THE PROBLEM:
Look below for the line that contains "Collier en macramé", then copy it and each following line exactly, through and including the line that contains "Sudadera Corta Personalizada".

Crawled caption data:
****************************************

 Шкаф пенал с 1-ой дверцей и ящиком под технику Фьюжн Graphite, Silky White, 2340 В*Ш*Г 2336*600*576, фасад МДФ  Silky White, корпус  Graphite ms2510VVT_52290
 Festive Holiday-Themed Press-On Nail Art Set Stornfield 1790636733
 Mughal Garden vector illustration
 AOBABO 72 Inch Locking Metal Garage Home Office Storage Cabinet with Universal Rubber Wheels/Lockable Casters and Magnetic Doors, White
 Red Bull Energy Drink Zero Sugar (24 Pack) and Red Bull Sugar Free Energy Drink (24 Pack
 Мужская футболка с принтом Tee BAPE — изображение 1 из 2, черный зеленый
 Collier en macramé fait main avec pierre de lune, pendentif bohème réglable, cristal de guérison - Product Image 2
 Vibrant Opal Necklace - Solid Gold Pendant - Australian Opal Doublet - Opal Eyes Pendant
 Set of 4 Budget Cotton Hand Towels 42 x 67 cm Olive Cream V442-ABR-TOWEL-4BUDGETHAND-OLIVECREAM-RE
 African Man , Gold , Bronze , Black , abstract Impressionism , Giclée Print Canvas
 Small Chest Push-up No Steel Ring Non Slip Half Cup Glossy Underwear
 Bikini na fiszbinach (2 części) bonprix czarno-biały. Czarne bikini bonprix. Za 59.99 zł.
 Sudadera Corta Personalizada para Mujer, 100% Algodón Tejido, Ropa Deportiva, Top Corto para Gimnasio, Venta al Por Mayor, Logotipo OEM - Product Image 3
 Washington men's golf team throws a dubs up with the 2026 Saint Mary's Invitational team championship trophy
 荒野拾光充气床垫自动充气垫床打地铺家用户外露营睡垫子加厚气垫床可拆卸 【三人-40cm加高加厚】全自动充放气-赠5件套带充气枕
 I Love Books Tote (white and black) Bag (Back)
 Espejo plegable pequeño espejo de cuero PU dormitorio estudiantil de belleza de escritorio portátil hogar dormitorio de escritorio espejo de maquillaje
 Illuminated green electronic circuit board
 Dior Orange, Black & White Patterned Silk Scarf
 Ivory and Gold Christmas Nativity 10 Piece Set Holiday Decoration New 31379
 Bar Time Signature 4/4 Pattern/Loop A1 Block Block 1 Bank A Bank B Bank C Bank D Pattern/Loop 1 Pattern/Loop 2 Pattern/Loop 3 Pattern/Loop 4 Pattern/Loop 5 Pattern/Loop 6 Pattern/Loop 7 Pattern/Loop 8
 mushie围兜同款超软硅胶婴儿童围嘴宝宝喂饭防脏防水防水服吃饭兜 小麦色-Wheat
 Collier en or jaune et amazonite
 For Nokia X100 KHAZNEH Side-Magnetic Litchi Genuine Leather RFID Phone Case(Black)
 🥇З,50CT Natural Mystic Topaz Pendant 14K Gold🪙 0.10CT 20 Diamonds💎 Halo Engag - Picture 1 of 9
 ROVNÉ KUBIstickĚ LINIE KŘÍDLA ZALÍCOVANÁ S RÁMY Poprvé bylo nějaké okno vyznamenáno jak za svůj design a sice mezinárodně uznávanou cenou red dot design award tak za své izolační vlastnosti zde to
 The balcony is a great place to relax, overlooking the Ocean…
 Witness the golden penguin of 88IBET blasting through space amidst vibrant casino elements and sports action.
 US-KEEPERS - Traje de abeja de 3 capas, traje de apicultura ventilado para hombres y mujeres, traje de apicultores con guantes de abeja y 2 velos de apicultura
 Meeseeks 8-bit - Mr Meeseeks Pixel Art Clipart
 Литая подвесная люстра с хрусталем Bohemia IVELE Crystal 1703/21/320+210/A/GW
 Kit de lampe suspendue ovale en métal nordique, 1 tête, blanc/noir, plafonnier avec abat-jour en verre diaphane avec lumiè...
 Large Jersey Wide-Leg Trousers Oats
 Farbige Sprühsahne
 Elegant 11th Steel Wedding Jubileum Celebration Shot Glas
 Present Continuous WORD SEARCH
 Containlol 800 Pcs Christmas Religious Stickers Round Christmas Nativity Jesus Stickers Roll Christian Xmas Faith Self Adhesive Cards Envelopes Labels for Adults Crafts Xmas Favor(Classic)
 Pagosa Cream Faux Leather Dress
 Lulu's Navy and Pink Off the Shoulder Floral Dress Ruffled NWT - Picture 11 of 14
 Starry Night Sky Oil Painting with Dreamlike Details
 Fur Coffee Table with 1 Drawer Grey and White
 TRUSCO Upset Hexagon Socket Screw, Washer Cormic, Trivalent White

****************************************

ANSWER SECTION:
 Collier en macramé fait main avec pierre de lune, pendentif bohème réglable, cristal de guérison - Product Image 2
 Vibrant Opal Necklace - Solid Gold Pendant - Australian Opal Doublet - Opal Eyes Pendant
 Set of 4 Budget Cotton Hand Towels 42 x 67 cm Olive Cream V442-ABR-TOWEL-4BUDGETHAND-OLIVECREAM-RE
 African Man , Gold , Bronze , Black , abstract Impressionism , Giclée Print Canvas
 Small Chest Push-up No Steel Ring Non Slip Half Cup Glossy Underwear
 Bikini na fiszbinach (2 części) bonprix czarno-biały. Czarne bikini bonprix. Za 59.99 zł.
 Sudadera Corta Personalizada para Mujer, 100% Algodón Tejido, Ropa Deportiva, Top Corto para Gimnasio, Venta al Por Mayor, Logotipo OEM - Product Image 3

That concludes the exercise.